* WORK INSTRUCTION: The data below contains pictures, which are to be skipped; the lines starting at the line with "ALEXANDER MCQUEEN 2021" and ending at the line with "Casadei leather-plaque raffia tote bag - ニュートラル Casadei" are to be output exactly, both ends included.

#### MATERIAL TO PROCESS

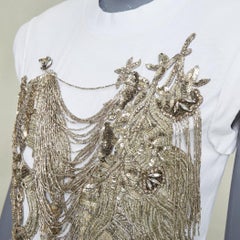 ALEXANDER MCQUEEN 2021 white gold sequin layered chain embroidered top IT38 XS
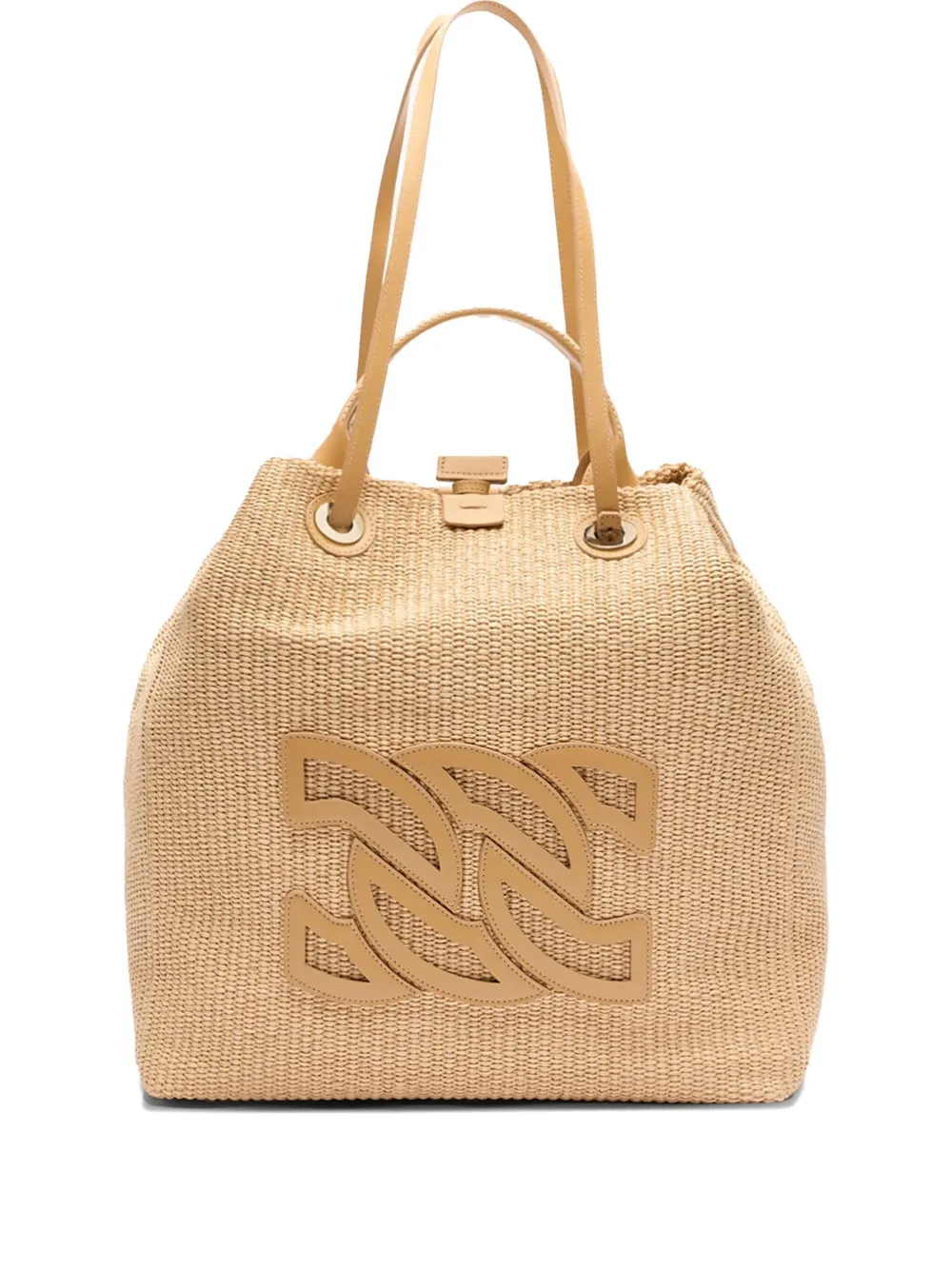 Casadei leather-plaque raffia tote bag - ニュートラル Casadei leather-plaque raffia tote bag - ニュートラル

########
#### MATERIAL TO PROCESS

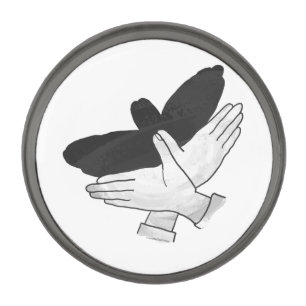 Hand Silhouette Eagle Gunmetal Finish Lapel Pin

########

* REPLY:
 ALEXANDER MCQUEEN 2021 white gold sequin layered chain embroidered top IT38 XS
 Casadei leather-plaque raffia tote bag - ニュートラル Casadei leather-plaque raffia tote bag - ニュートラル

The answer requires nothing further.